Marcus Garvey wanted to united blacks worldwide and build a strong empire in Africa. Thus, the UNIA also became a back-to-Africa movement. As Garvey stated when he developed his vision for the Universal Negro Improvement Association: "Where is the black man's government? Where is his King and his kingdom? Where is his President, his ambassador, his country, his men of big affairs? I could not find them, and then I declared, 'I will help to make them.'" And the place where he was going to achieve his goal was Africa.

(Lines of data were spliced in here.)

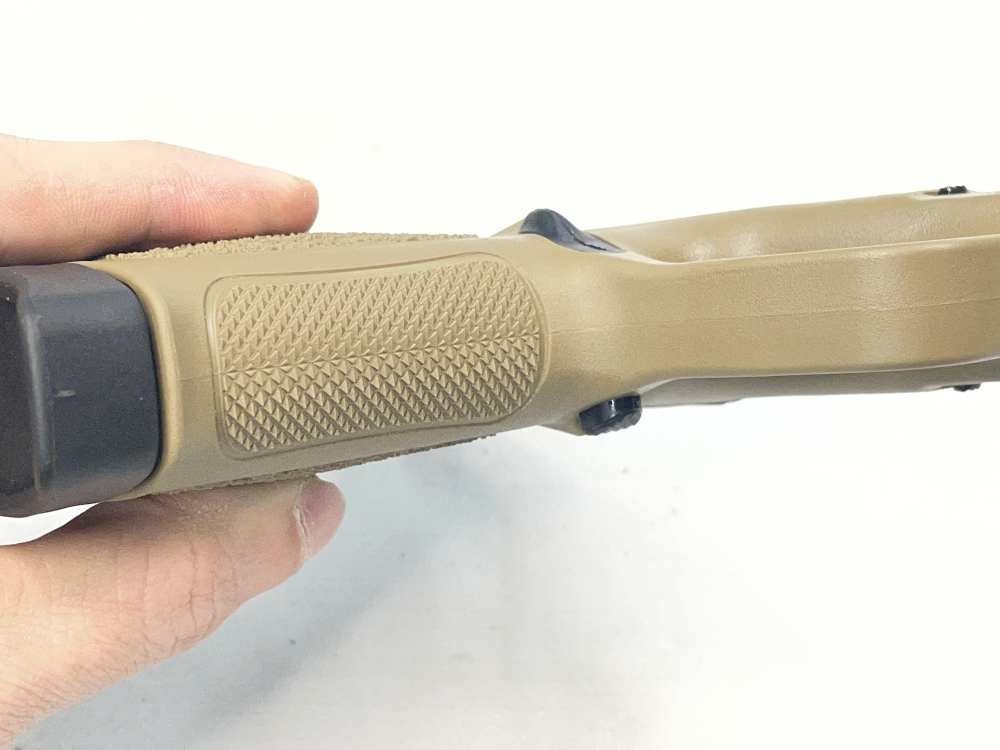 Factory Smith & Wesson SD9 2.0 FDE complete frame in box tan-img-4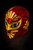 Mistico Pro Grade Mexican Luchador Lucha Libre Lycra Mask Red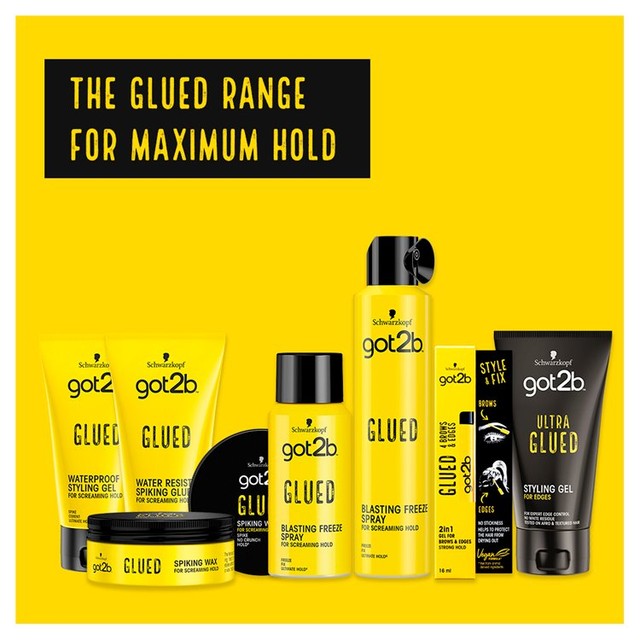 Schwarzkopf got2b Glued Spiking Wax 75ml (British brand)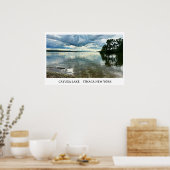 フィンガーレイクカイガレイク ポスター (キッチン)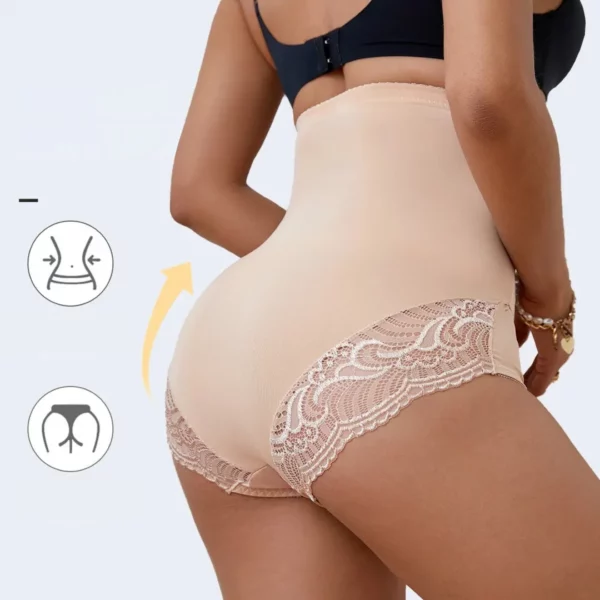 Culotte gainante forte compression silhouette affinée – Image 2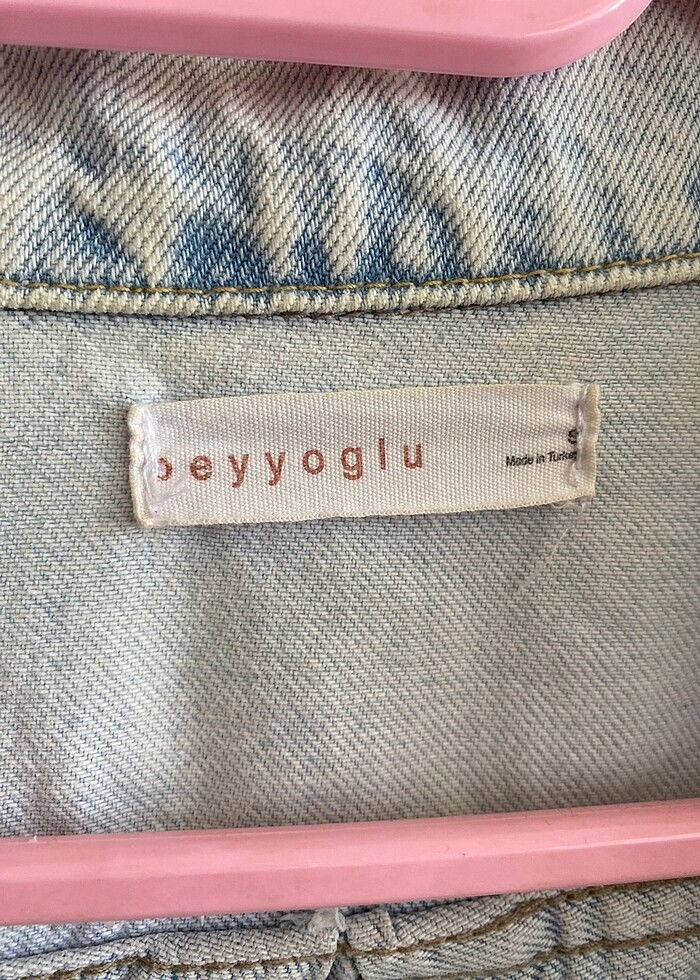 beyyoglu kot ceket - Görsel 2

Garvey's vision undoubtedly had a profound impact on Nkrumah when he was a student in the United States and after he became president of Ghana as he sought to unite Africa. He became the most forceful exponent of immediate continental unification with his slogan, "Africa Must Unite." It was also the title of his book published to coincide with the founding of the Organization of African Unity (OAU) in Addis Ababa, Ethiopia, in May 1963.
Nyerere had the same kind of Pan-African commitment like Nkrumah. He embraced the African disapora as much as Nkrumah did but did not have a flamboyant style like Nkrumah's. His style was simple, deceptively simple. Underneath lay a deep commitment to Pan-African causes transcending continental boundaries, without parallel among his contemporaries since Nkrumah whose political career was abruptly cut short by a military coup engineered by the CIA in February 1966.
And while Nkrumah, together with Jomo Kenyatta, played a key role in organizing the Fifth Pan-African Congress which was attended by a number of future African leaders including future presidents such as Nnamdi Azikiwe, Dr. Hastings Kamuzu Banda, and Nkrumah and Kenyatta themselves; Nyerere presided over the Sixth Pan-African Congress during a period when the liberation struggle in southern Africa was most intense. It was also during this critical phase that African Americans launched a sustained campaign to influence American policy towards Africa, especially southern Africa. Leaders such Reverend Leo Sullivan who drew up the Sullivan principles with which American companies doing business in apartheid South Africa were required to comply to advance the cause of racial justice in that country; black members of the United States Congress who formed the Congressional Black Caucus (CBC); and groups such as TransAfrica led by Randall Robinson, played a critical role in this campaign and in helping to advance the cause of liberation in southern Africa. It was Pan-African unity at its best.
In Africa, Nyerere was, among all African leaders since Nkrumah, the most relentless supporter of the African liberation movements and their most articulate exponent in international forums. And he believed, until his last days, that the destiny of Africans in Africa was inextricably linked with the destiny of black people in the diaspora whom he considered to be Africans like Nkrumah and other African leaders did. As he said in one of his last interviews with the New Internationalist in December 1998 almost one year before he died in October 1999:

"After independence, the wider African community became clear to me. I was concerned about education; the work of Booker T. Washington resonated with me. There were skills we needed and black people outside Africa had them. I gave our US ambassador the specific job of recruiting skilled Africans from the US Diaspora. A few came, like you (the interviewer, Ikaweba Bunting). Some stayed; others left.
We should try to revive it (Pan-Africanism). We should look to our brothers and sisters in the West. We should build a broader Pan-Africansim. There is still room - and the need."